## Extracted data entries
******

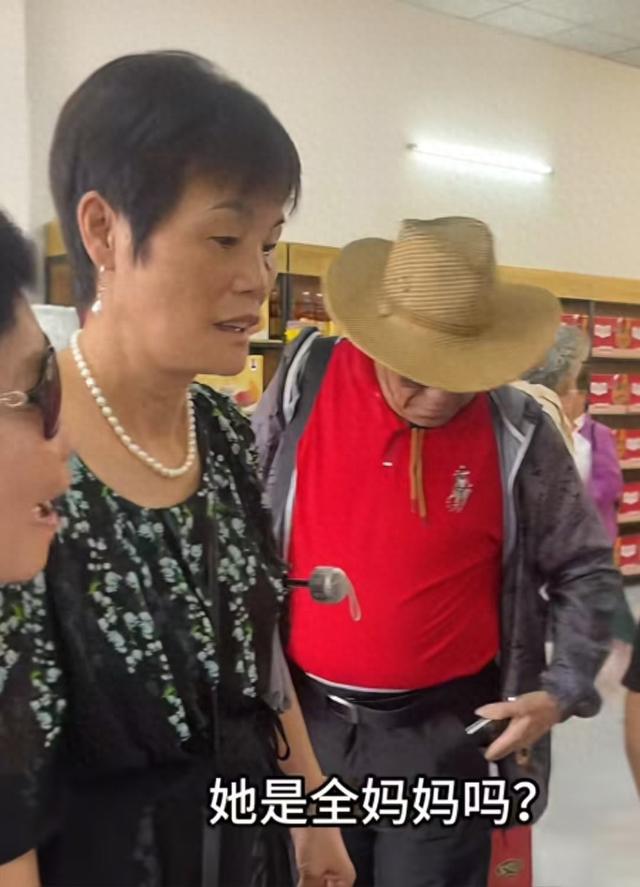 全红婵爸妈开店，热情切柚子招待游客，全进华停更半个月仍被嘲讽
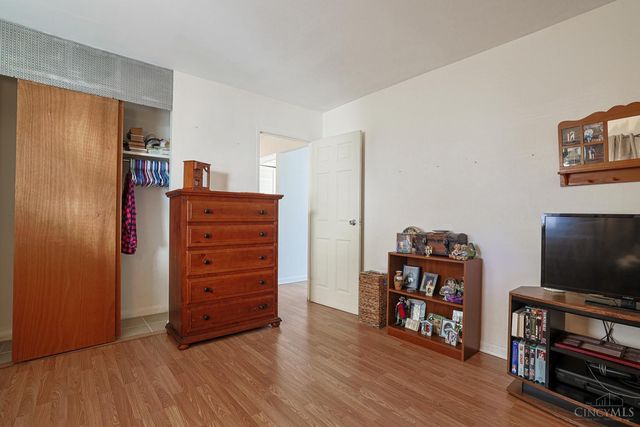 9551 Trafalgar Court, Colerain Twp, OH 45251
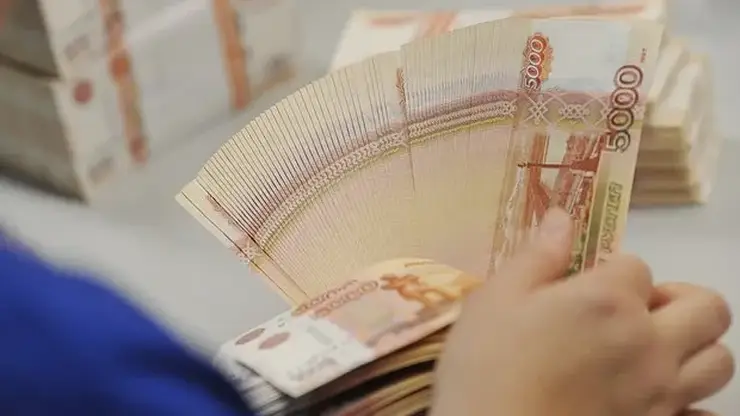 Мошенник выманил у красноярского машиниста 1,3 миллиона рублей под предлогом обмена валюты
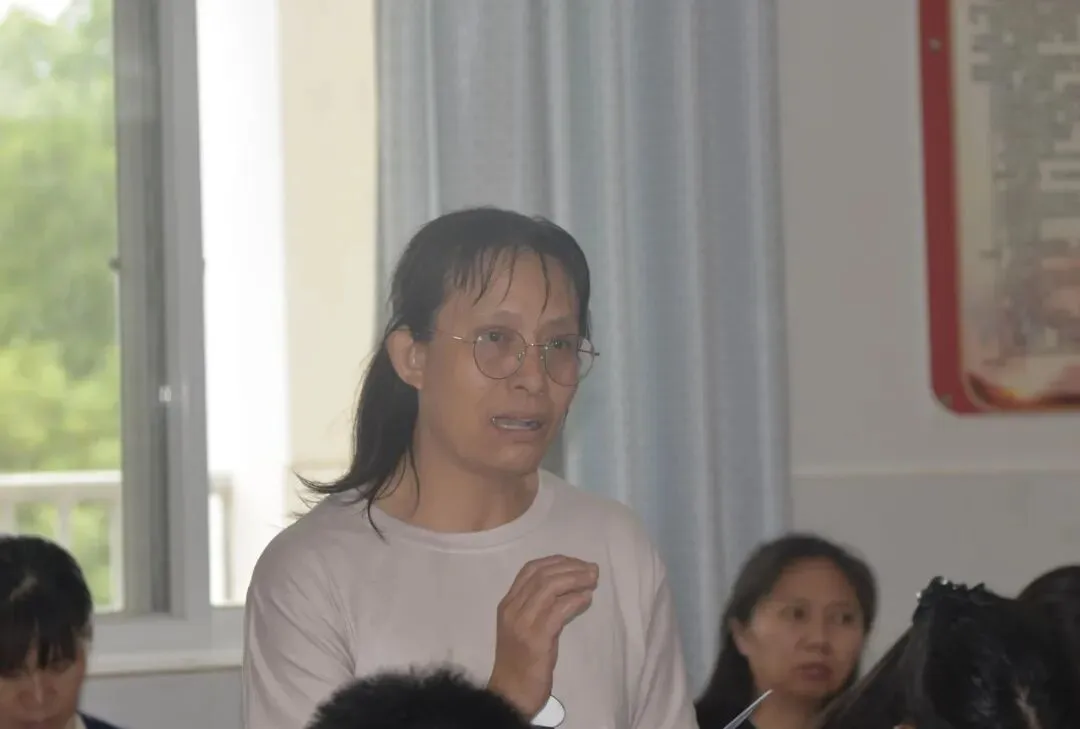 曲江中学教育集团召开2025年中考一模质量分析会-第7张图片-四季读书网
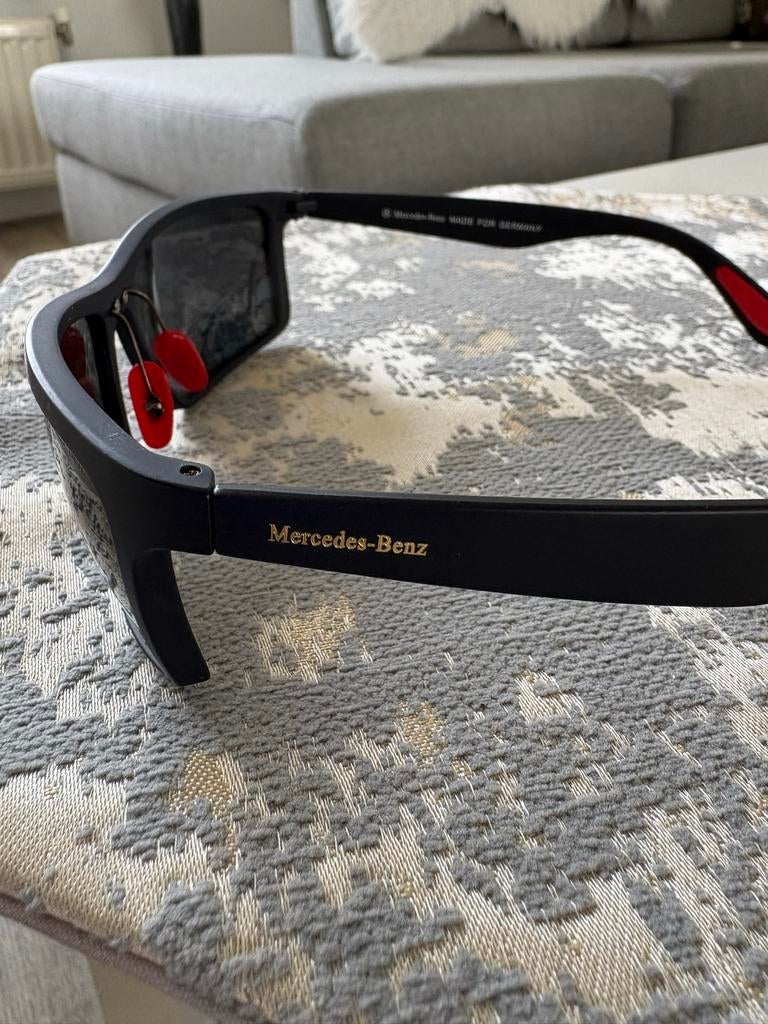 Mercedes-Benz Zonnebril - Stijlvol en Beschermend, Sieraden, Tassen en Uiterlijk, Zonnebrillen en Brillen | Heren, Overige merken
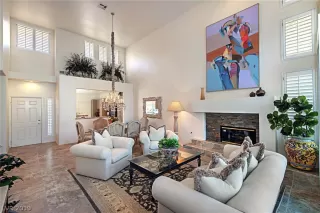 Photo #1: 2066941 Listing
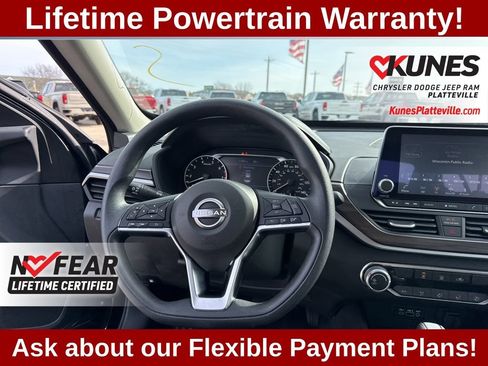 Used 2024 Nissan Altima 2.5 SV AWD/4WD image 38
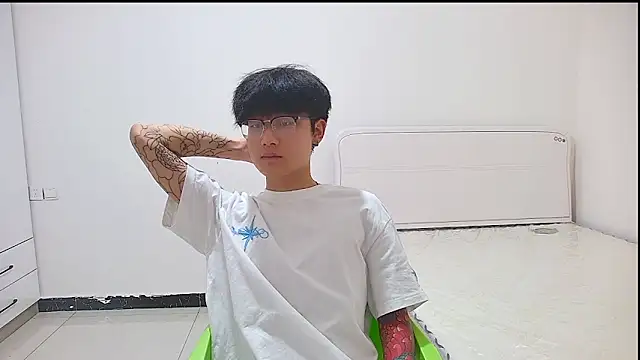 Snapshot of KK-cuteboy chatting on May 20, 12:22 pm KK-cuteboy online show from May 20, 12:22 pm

******

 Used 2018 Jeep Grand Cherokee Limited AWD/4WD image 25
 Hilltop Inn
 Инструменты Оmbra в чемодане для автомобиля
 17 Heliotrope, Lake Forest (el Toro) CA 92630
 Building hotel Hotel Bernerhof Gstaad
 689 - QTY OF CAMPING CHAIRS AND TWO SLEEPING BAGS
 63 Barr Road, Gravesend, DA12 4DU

******

## EXERCISE
Set the pictures aside and transcribe exactly the stretch of lines above, beginning with the one holding "Mercedes-Benz Zonnebril - Stijlvol" and ending with the one holding "Snapshot of KK-cuteboy".

## TASK RESULT
 Mercedes-Benz Zonnebril - Stijlvol en Beschermend, Sieraden, Tassen en Uiterlijk, Zonnebrillen en Brillen | Heren, Overige merken
 Photo #1: 2066941 Listing
 Used 2024 Nissan Altima 2.5 SV AWD/4WD image 38
 Snapshot of KK-cuteboy chatting on May 20, 12:22 pm KK-cuteboy online show from May 20, 12:22 pm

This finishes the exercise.